選択の時だ。俺の選択で江ノ島の未来が変わる。
『・・ちーさんに伝えてもらえますか?』
『はい。』
『ゆーさんと共に俺達と合流してほしい。その他の隊員は引き続き消火活動に回ってほしいと。』
どちらも疎かにできない。最低限の戦力だけで実朝の捜索を行う事を決める。
『・・よろしいのですか?』
俺が下した決断に対し、千夏さんが確認を取ってくる。
中途半端な選択は何も成し得ない最悪の結末を迎える可能性も十分にあることを
千夏さんは理解しているのだろう。
『大丈夫です。力が残っていない千夏さんに負担をかけてしまいますが、大丈夫ですか?』
『隠れるぐらいの力は残していますから安心してください。』
ちーさん達を指名した理由はある。
二人であれば、奴の位置を素早く特定できるだろう。
「連絡とったで。」
毛利先生と繋がっている携帯電話を桃子は俺に渡してきた。
業がどれくらいの人数を動員しているかわからないが、俺達より経験がある
毛利先生達を頼りにするしかない。
「龍穂君。そちらの状況はいかがですか?」
「敵と抗戦。そして姿を見失いました。
今からちーさんとゆーさんと合流してから敵を追います。
毛利先生には残りの白と合流して情報共有した後、炎の消化と島民の保護をお願いしたいです。」
俺の指示を聞いた毛利先生は深く尋ねることなく、了解と一言だけつぶやき電話を切る。
「では・・・動きましょう。
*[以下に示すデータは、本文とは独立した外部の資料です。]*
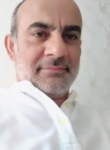 tugrul Duru, 53 года, Bursa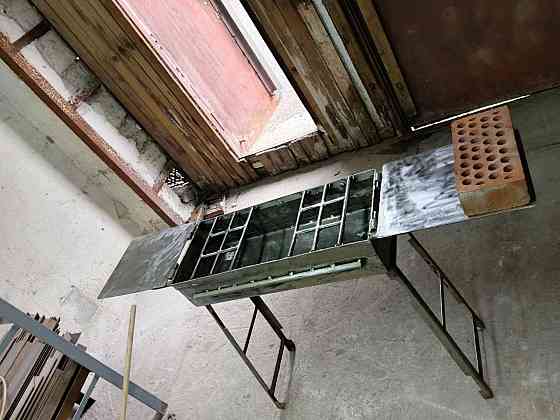 Продам мангал Донецк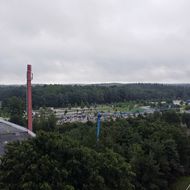 HAKOS: Seitenschutzlösungen bei umfangreichem Großprojekt im Einsatz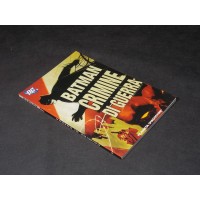 BATMAN CRIMINE DI GUERRA – Planeta DeAgostini 2007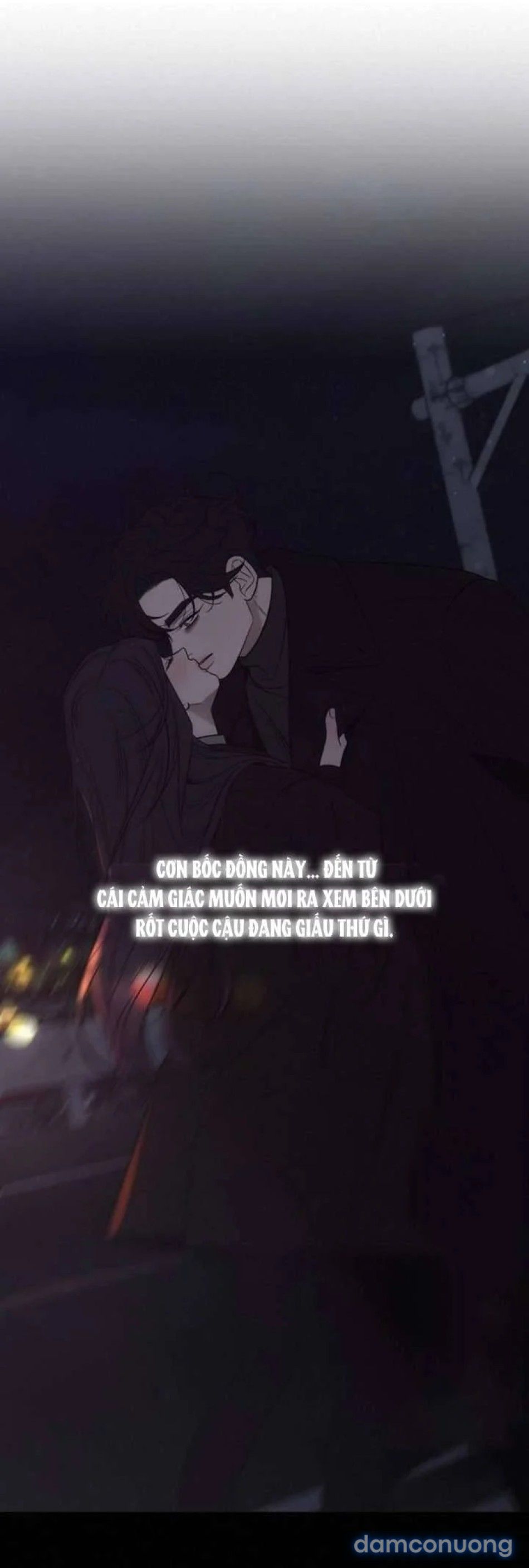 đọc truyện Tình Yêu Trong Sáng Chương 127 ảnh 12 tại Thiên Thai Truyện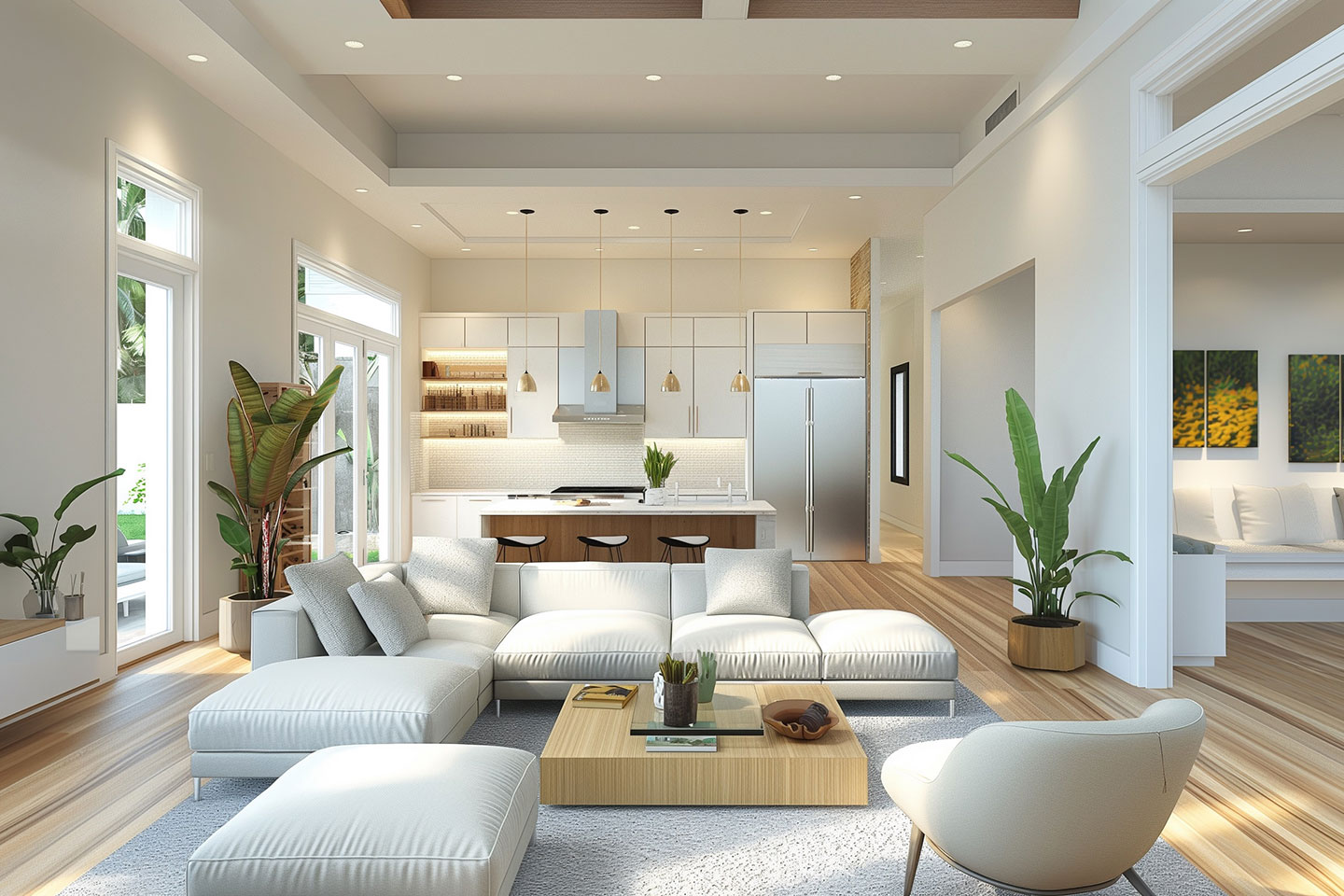 AdobeStock_816523369 Renovated studio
俺達は実朝の捜索、そして・・・討伐を行います。」
もし、白の部隊達が炎の消火に成功したとしても俺達が奴の討伐を出来なければ
この事件は終結しない。
だが消火より早く、俺達が奴を倒せば奴の配下達は現世に留まることが出来ずに
全て解決するだろう。
全ては俺達の行動にかかっている。逃亡した奴を仕留めるため、動き出した。